From WTP Vol. VI #6
Enigmas of Weeding
By Robert B. Shaw
Wading into my garden’s anarchy,
I see it little matters where I start.
The rubber kneeling pad I have with me,
the slender, pointed trowel can’t do their part
till I, as sponsoring intelligence,
decide what needs to go from this small jungle.
With so much up for grabs I feel as dense
as stalks I’m dealing with, and bound to bungle.
I’m never sure if one’s a weed or not.
Ragweed, all right, but more nefarious
masters of masquerade have clearly got
an edge, so good are they at flaunting various
crafty facsimile leaves adorning stems
equally plausible (though look, that one’s
fuzzier, isn’t it?). Their stratagems
entrench them so nearby authentic ones
that picking out ersatz from genuine
is scarcely judgment, more like throwing dice.
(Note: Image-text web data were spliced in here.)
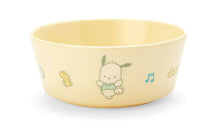 Load image into Gallery viewer, Sanrio Melamine Bowl (Kuromi, My Melody, Cinnamoroll, Pochacco)
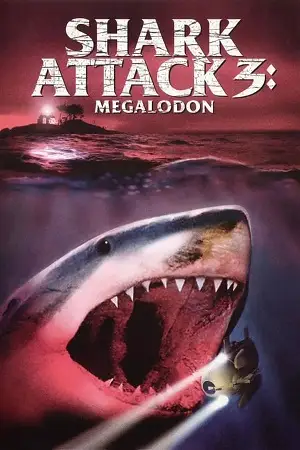 Shark attack 3 1 - vegamovies, VegaMoviesv.com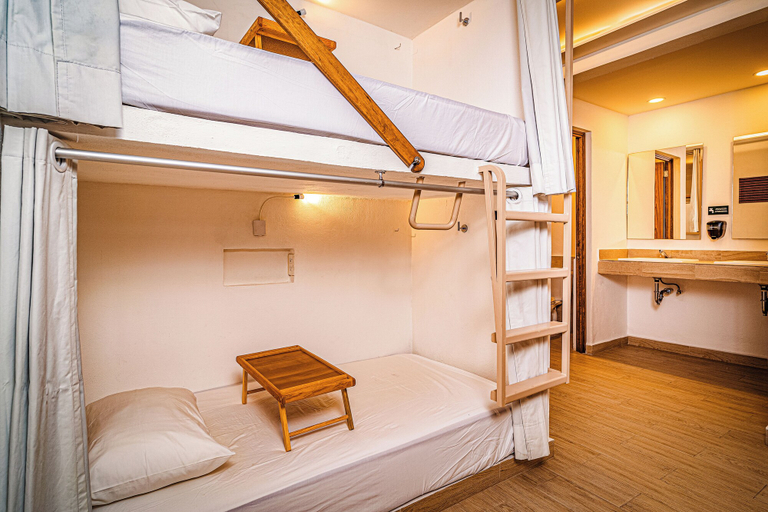 Others 5, Digital Nomads Hotel & Co-Living, Isla Mujeres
Camouflage breached, as tangled clumps grow thin
and plots grow neater, real plants pay a price.
I think of seedling patterns I designed
whose sprouts too soon gave ground to bastard brothers.
And now, with both so thickly intertwined,
ripping out some will have to uproot others.
No doubt it’s worth it for the ones remaining—
more light, more air for each, and more expanse
to siphon water from each time it’s raining.
The good ones that are gouged out by mischance,
like phrases tried and dropped from poems like this,
are not at fault, just lodged in the wrong place,
I tell myself. A kneeling nemesis,
I drudge away. Sweat irrigates my face.
It will take time to see if this day’s culling
was what the larger look of things required.
Parsing dubious shoots, perplexed, kept mulling,
this weeder’s growing well and truly tired.
Robert B. Shaw has published seven collections of poems, most recently, Aromatics and A Late Spring, and After (both from Pinyon Publishing). His scholarly work includes Blank Verse: A Guide to Its History and Use (Ohio University Press), which won the Robert Fitzgerald Award. In 2016, he retired after teaching for thirty-three years at Mount Holyoke College, where he was the Emily Dickinson Professor of English.